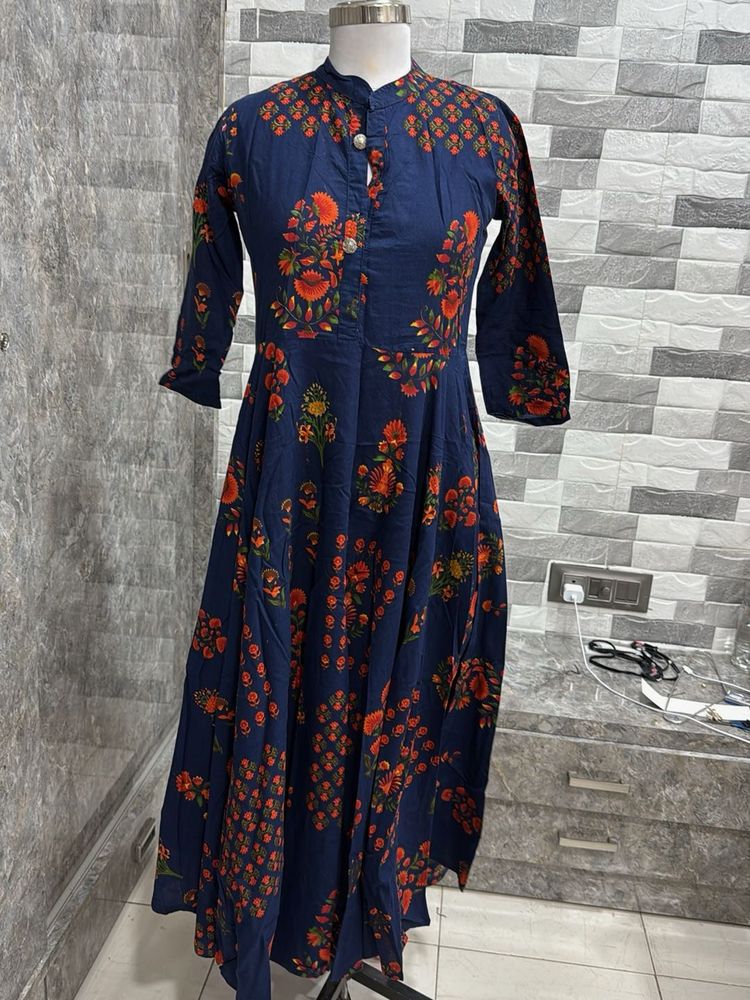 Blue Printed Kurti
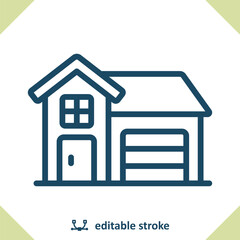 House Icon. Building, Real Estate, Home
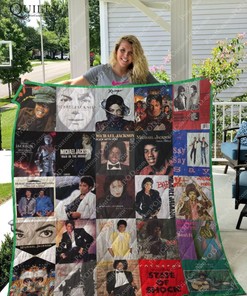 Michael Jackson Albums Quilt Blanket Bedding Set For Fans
--
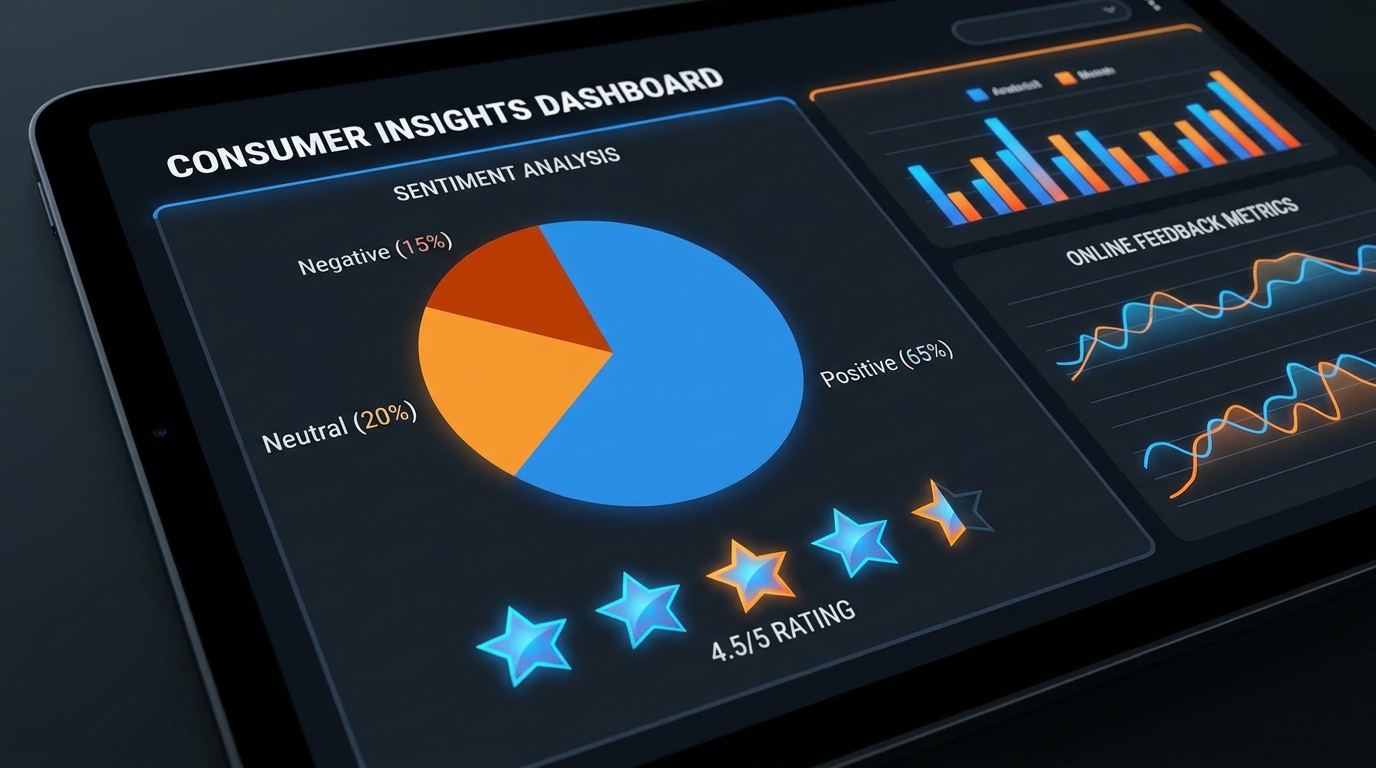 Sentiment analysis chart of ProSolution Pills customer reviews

What the task requires:
Exactly the lines above from the one that contains "Blue Printed Kurti" down to the one that contains "Michael Jackson Albums" are to be output, both ends kept and pictures omitted.

Solution for this task:
 Blue Printed Kurti
 House Icon. Building, Real Estate, Home
 Michael Jackson Albums Quilt Blanket Bedding Set For Fans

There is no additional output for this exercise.